What is the most important SEO Ranking Factor?
We get asked a lot of questions as we educate clients and prospects about SEO, and one of the most common questions we get is “what is the most important SEO ranking factor?“. The exact answer can vary from query to query, so “it depends” is often the answer we discuss. If its a local query, there are important local factors. If its informational, then content depth and related terms matter more. If its transactional or competitive search then we see links playing a bigger role. Some queries deserve freshness (or, were recently published). Given all the variables, is it possible to identify one ranking factor that is “most important”.
Surprisingly, yes. And its exactly what we thought it would be.
For most of our clients with competitive search terms, we run a series of deep correlative analysis to identify what Google is telling us is most important from query to query. We look at hundreds of factors across the top 50-100 results to identify what factors are likely influencing the results for a specific keyword or phrase. This also gives us some great benchmarks as to what it will take to earn first page rankings. If we are going to compete for competitive keywords in SEO, we have to at least get on par with first page results. That part makes sense.
Using this approach, we can get a sense if content length or links or any other factors are heavily influencing results. We do see some factors carrying more weight from one query vs another, and knowing this gives us a good idea of how to compete. As we were running these analysis, we started looking at a new metric. That was “the number of factors influenced“. We had a theory that we’d find a strong positive correlation between the number of factors that had been influenced and rankings. We put this to the test on our collection of terms across a lot of campaigns, and we found that on almost all of them, the strongest factor that had the highest correlation to rankings was the number of factors that were influenced.
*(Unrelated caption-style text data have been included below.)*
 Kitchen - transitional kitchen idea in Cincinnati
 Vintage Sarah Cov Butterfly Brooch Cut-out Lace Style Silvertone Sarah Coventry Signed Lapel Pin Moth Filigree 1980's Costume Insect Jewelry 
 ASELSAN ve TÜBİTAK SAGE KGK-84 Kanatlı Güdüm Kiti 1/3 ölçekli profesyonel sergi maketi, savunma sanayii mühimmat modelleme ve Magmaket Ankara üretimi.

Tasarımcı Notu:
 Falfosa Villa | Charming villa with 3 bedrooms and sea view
Google’s algorithms are based on complex math, and the results that the algorithms produce are checked by Quality Raters to determine if the algorithms are producing the desired type of results. This gave rise to the Quality Raters Guidelines which is a series of checks that determine if a website is “quality” and best answers a query. The algorithms are refined by feedback from the Quality Raters. So you can look at search engine optimization as math plus quality. If we understand the math, and we understand the type of quality Google is trying to produce, then we have a roadmap for creating websites and landing pages to meet those requirements.
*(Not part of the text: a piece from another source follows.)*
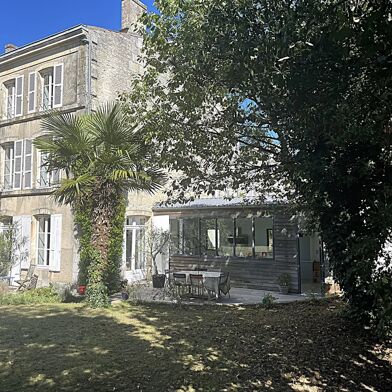 Maison 12 pièces 733950 €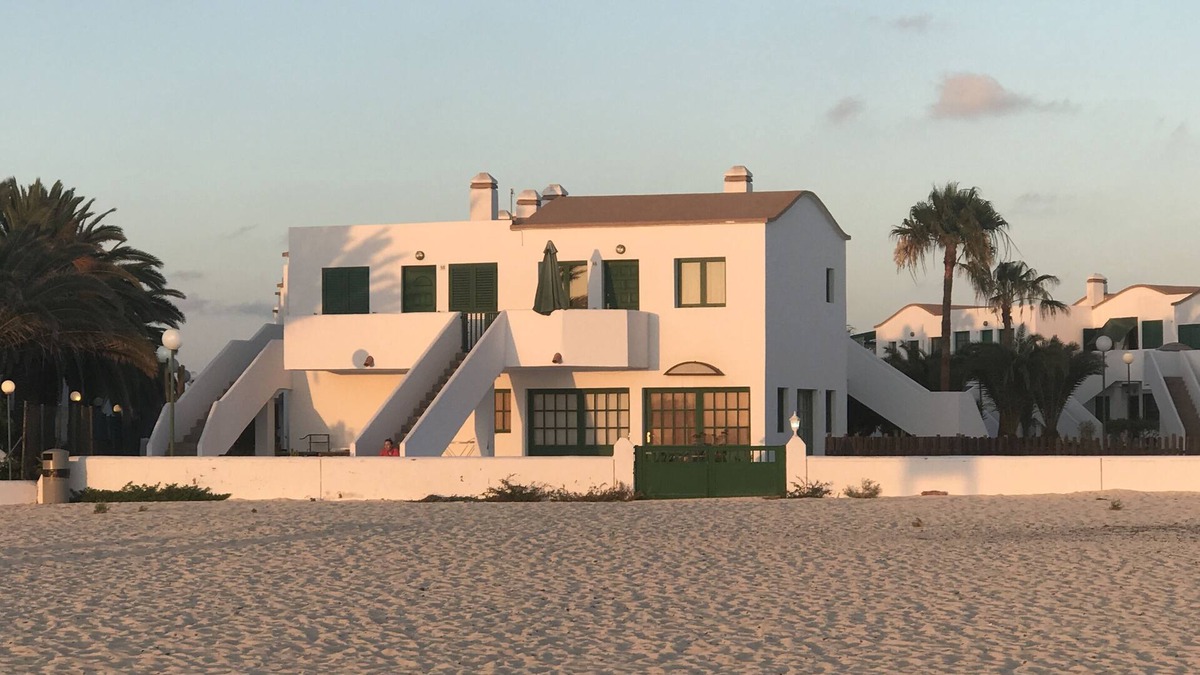 Los Lagos Apartment | Apartment facing the sea / Front Beach apartment. wifi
That part is quite important because if you look closely, it strengthens the case for attention to detail and comprehensiveness being important to the success of any SEO strategy. If the most important factor that best correlates to ranking is the number of factors influenced, then you can see where you shouldn’t focus on over-optimizing any one area. The goal would be to naturally influence as many factors as possible without overdoing it. We want to become a better resource, not simply a website with more keywords on it.
So now on to the data portion. First, we’ll set the boundaries. We look at correlation from a linear and a curved perspective using Spearman’s and Pearson’s coefficients to find areas where correlation is linear or across a curve. A correlation above 0.20 is 95% statistically significant. We also know that correlation does not equal causation, and correlative data has to be vetted against knowledge and expertise, as well as other known factors. Below is the output of the overall analysis.
In this data set, the x-axis represents the Google results page (1 being positions 1-10, 2 being positions 11-20, etc). The y-axis is the number of factors influenced on average per search results page. The Spearman’s Correlation is -0.49 and the Pearson’s Correlation is -0.56, meaning there is a strong correlation as you approach page one that increasing the number of factors you influence will likely increase your rankings. The average on page one was 140 factors influenced, and the tracked websites (our group) averaged 165 factors influenced. A few of the test group sites actually had featured snippets for their terms.
Example factors used include content factors (keyword in heading(s), keyword in first 100 words, number of related terms used, total words used, etc), link factors (number of referring domains, keywords in anchors, partial match anchors, etc), and technical factors (responsive/viewport attribute, schema, open graph, internal links, https, etc). In all, over 300 individual factors were analyzed to determine how likely each factor is to influence rankings.
This is important to understand, because as competition increases, you tend to see more factors influenced in a heavier way – like more in-depth content, more links, and better site structure. The individual query analysis will help focus extra effort where it is needed but the overall strategy would be to influence more factors in a healthy and natural way before pushing the envelope too far on any single ranking factor.
This has been our approach at SEOteric for a while, and we’ve outlined our SEO processes by defining our “Four Pillars of SEO” approach. Taking this approach and looking at it from a ranking factor perspective helps validate some of the ideas and concepts that helped shape this approach in the first place. We could see the impacts as we watched rankings improve, and now we can see a strong correlation between a holistic approach and improving ranking positions.